I just love the language, mostly because there are 1000s of (perfectly good) ways to get the same thing done. That means that your own style and expression of coding are more important than in other languages.

Which is funny, because I (and most of my colleagues) regard that as one of it's biggest weaknesses. Too many ways to do the same thing, so that unless you're an expert in all of them, it's all but impossible to maintain code written by someone else according to their own personal style and expression.

I actually really like the language: hashes and arrays our of the box with all the manipulation functions, auto-vivification, interpolation of strings, file handling. Yes you can screw it up the readability royally and the language requires discipline but at least everything is possible.


It's been a long time since most of those features were considered to be anything more than *absolute minimum* functionality for any popular scripting language.

Reply Parent Score: 3

RE[3]: Why perl?
by Wondercool on Wed 15th Jul 2015 22:00 in reply to "RE[2]: Why perl?"
Wondercool Member since:
2005-07-08

It's been a long time since most of those features were considered to be anything more than *absolute minimum* functionality for any popular scripting language.


You would think so, I tried to learn Ruby lately but it isn't easy. I couldn't understand why it wouldn't accept constructs like my_array[][] and it turns out that you have to create your own overloading to do auto-vivification. I just couldn't believe it.

Reply Parent Score: 2

RE[4]: Why perl?
by Delgarde on Thu 16th Jul 2015 01:55 in reply to "RE[3]: Why perl?"
Delgarde Member since:
2008-08-19

You would think so, I tried to learn Ruby lately but it isn't easy.
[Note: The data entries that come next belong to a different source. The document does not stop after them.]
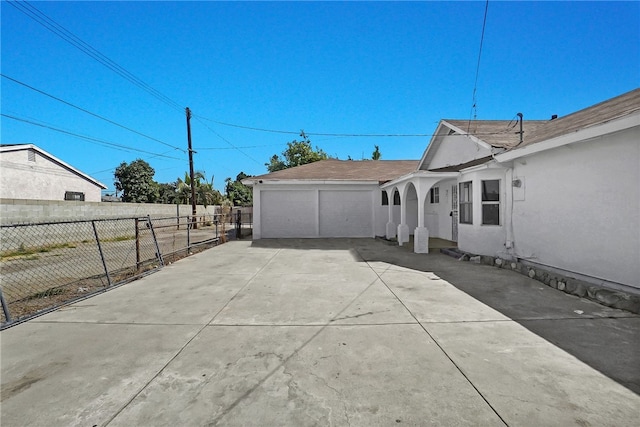 view of property exterior featuring a garage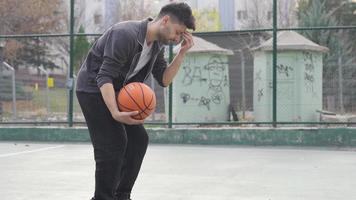 agresivo joven hombre consiguiendo enojado. neurosis. el hombre molesto a jugar baloncesto a pacificar su enojo. ira gestión. histerismo. video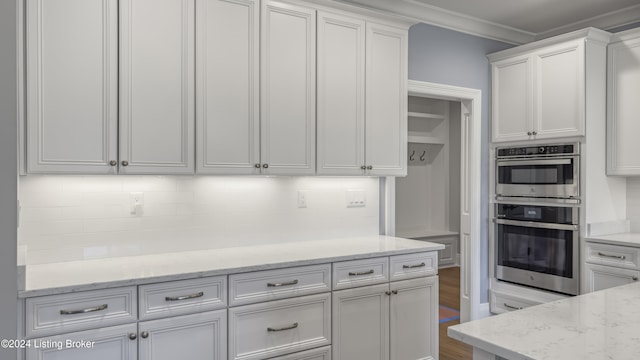 kitchen with double oven, white cabinetry, dark hardwood / wood-style flooring, and light stone countertops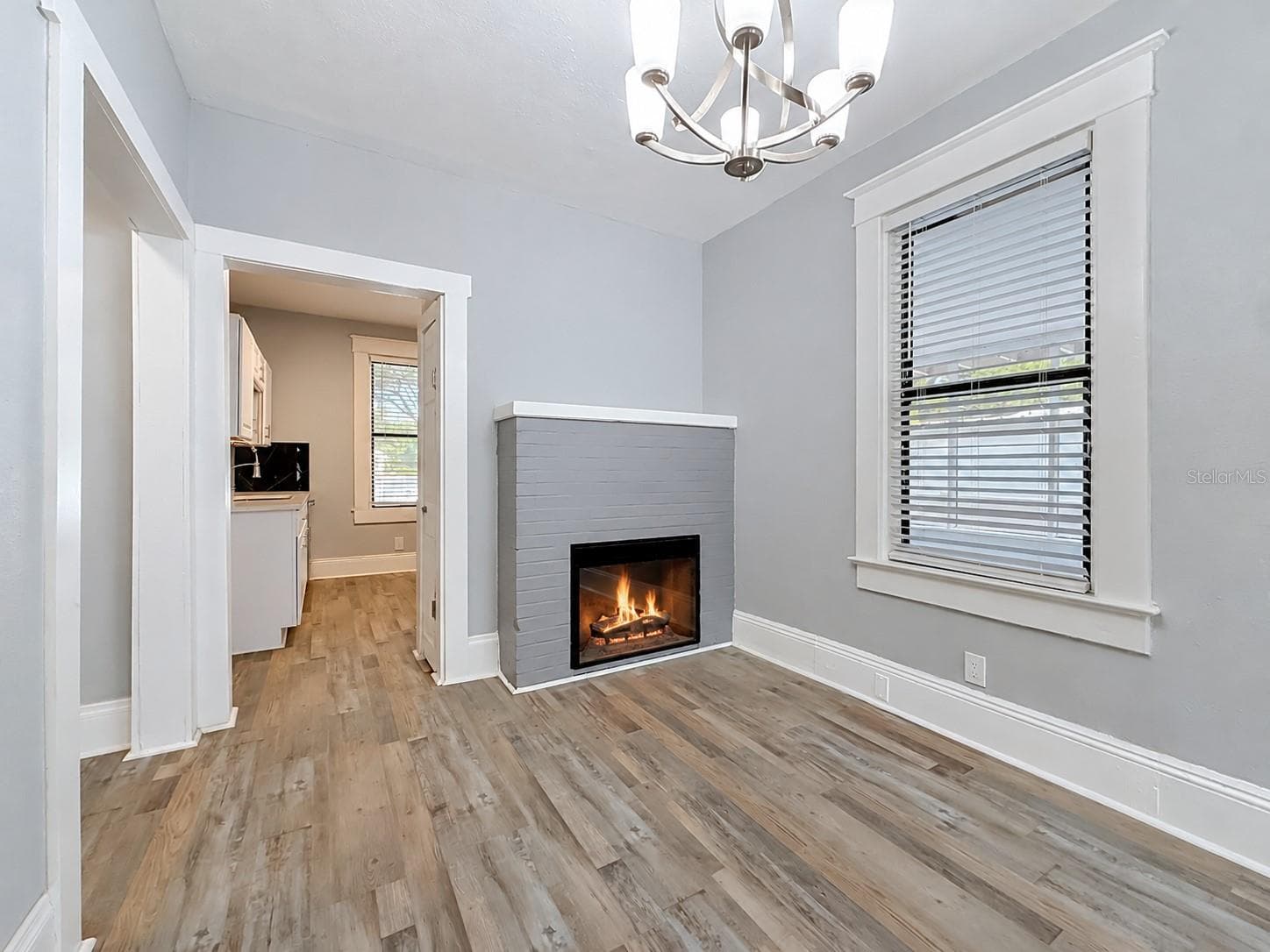Dining room area with electric fireplace and view into kitchen - 509 27TH AVE S, ST PETERSBURG
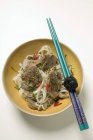 Rice noodles with pork fillets — Stock Photo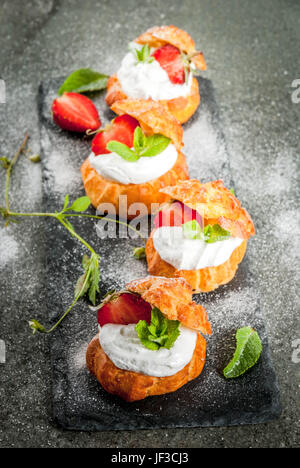 Sommer Desserts. Homemade backen. Kuchen Windbeutel mit Sahne, frische Erdbeeren, Minze und Prise Puderzucker. Auf einem schwarzen Stein ta Stockfoto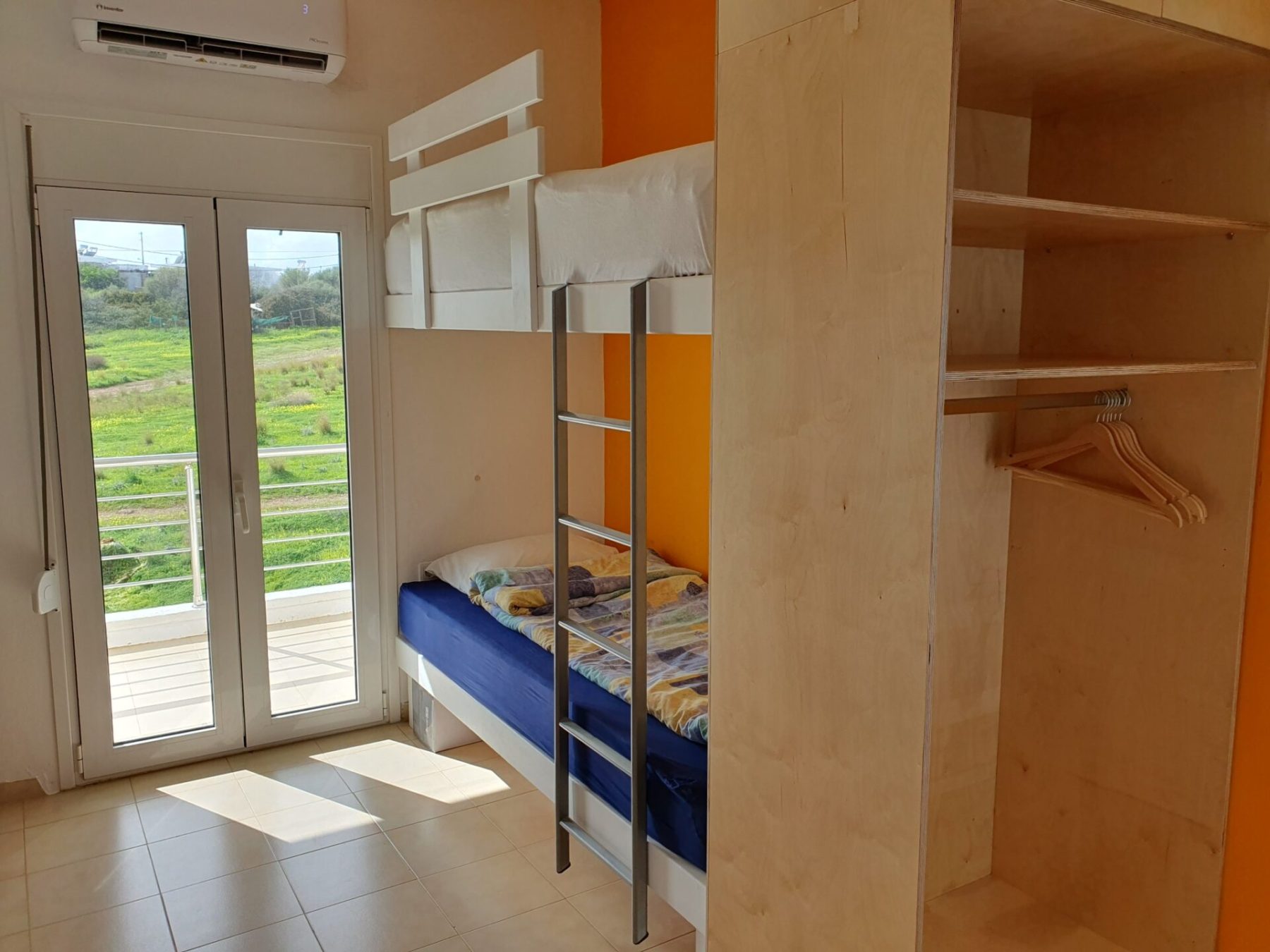 The new 2 stories beds (90 x 200 cm) and the wardrobe case.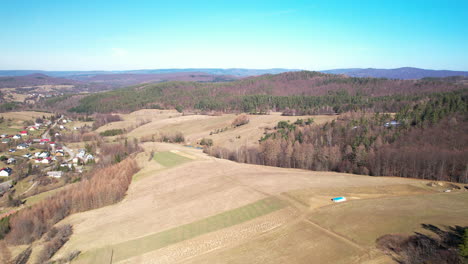 Aerial-forward-view-of-village-with-fields-and-forest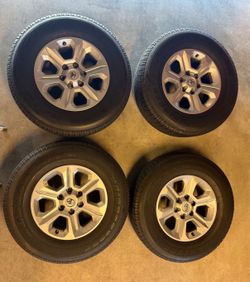 Four tires P265/70R17 Bridgestone dueller H/ T and four 2023 toyota 4Runner Wheels for sale!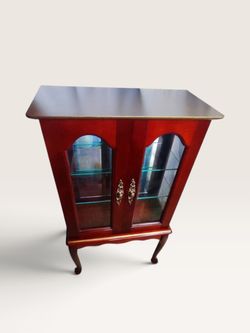 Cherry-finished wood curio cabinet with Queen Anne legs and glass doors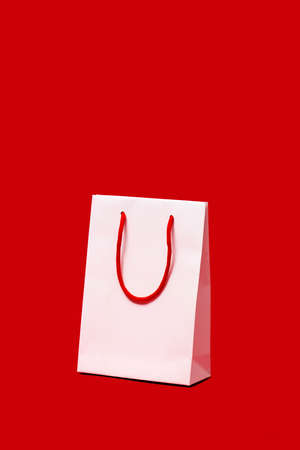 a white paper shopping bag with red handles on a red background, with some blank space on topの写真素材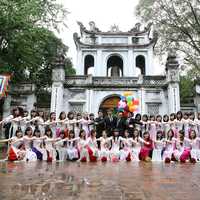 Group of people posing at the Temple of Literature in Hanoi, Vietnam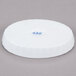 A white oval serving dish with fluted edges.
I couldn't understand why it wouldn't accept constructs like my_array[][] and it turns out that you have to create your own overloading to do auto-vivification. I just couldn't believe it.
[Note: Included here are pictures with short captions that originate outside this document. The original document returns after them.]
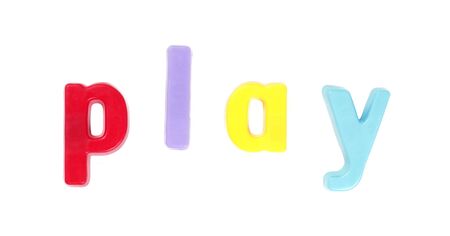 Play - Colourful Fridge Magnets On A White Backgroundの写真素材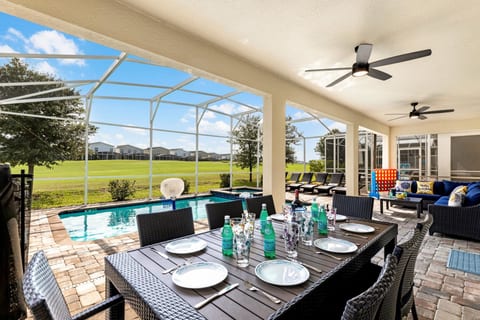 Covered lanai, Outdoor dining table seats 8, outdoor sectional & 6 lounge chairs and that fantastic view!
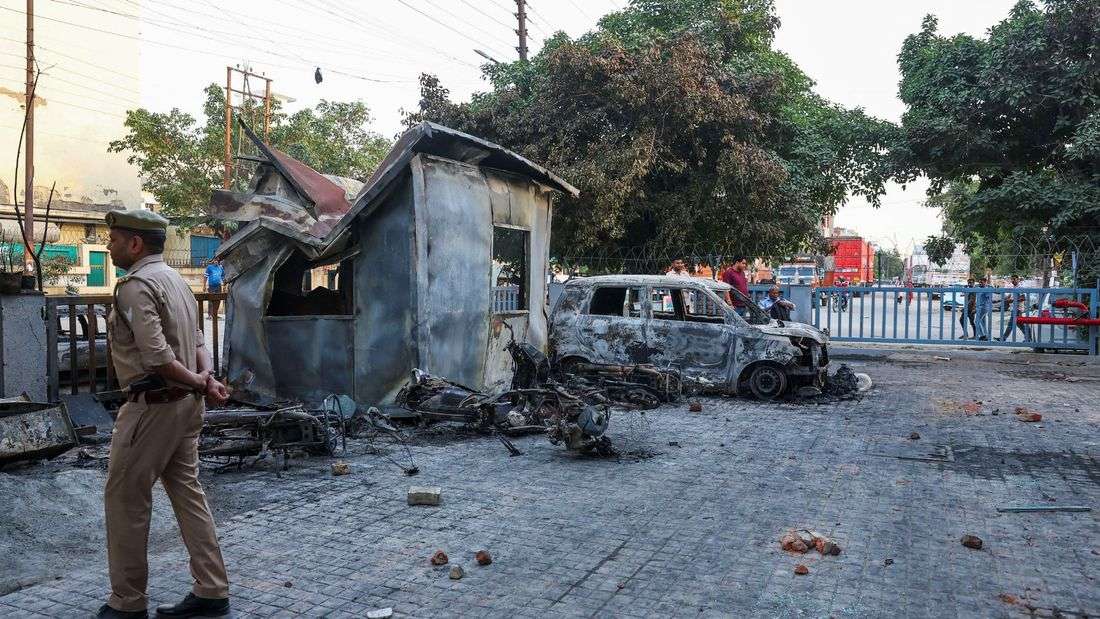 Police fire tear gas as workers' protest in India's Noida turns violent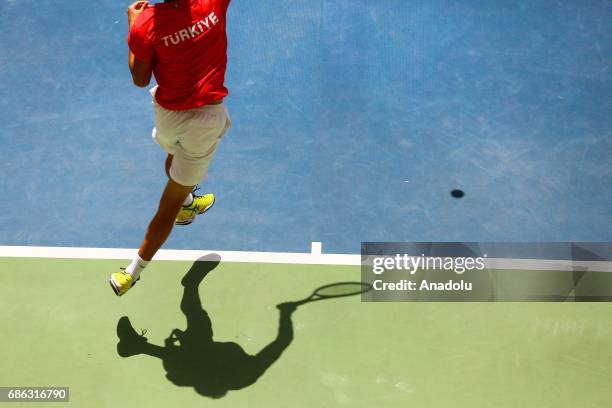 Altug Celikbilek of Turkey returns the ball to Amine Ahouda of Morocco during the Baku 2017, 4th Islamic Solidarity Games Men's Semi final tennis...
"Most" of those features, I said. Auto-vivification isn't supported by many other languages, but you're also citing such basic things as arrays, maps, and file handling. These aren't exactly unusual features in a scripting language...
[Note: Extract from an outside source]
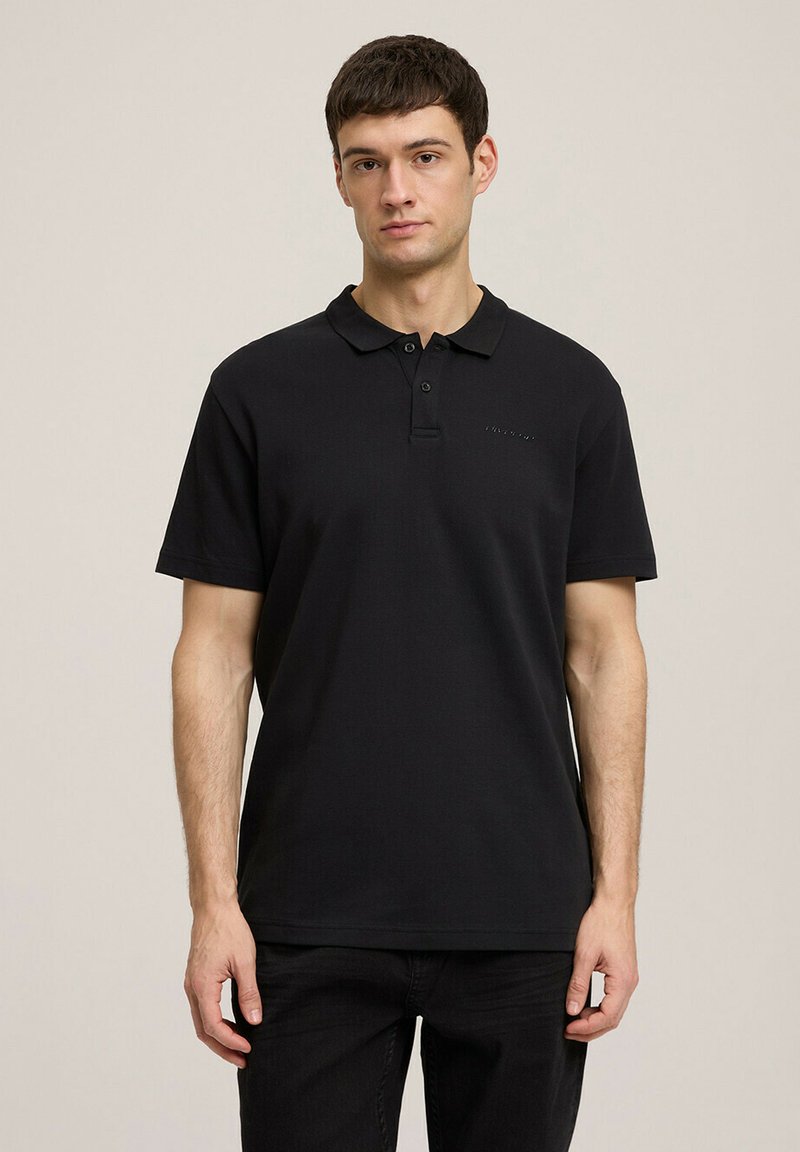Czarna koszulka polo z bawełny. Posiada kołnierzyk, zapięcie na trzy guziki oraz subtelne logo na piersi. Krótkie rękawy i standardowy krój.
As to auto-vivification, it *is* a nice feature, particularly for nested map structures, but not so nice as to outweigh all the other issues with the language...

Reply Parent Score: 3

RE[4]: Why perl?
by cfgr on Thu 16th Jul 2015 08:13 in reply to "RE[3]: Why perl?"
cfgr Member since:
2009-07-18

Autovivication causes headache and bugs. I'd rather initialise an object explicitly. It's just too error prone and it takes too long to figure out what's going on: "are we accessing something that is already initialised or did the author intend to initialise it here? Or did the author make a mistake by accessing something that he forgot to initialise somewhere?"

There is also no coherence, some functions do it, others do not. It consumes more brainpower than necessary, energy that could be used for more important things.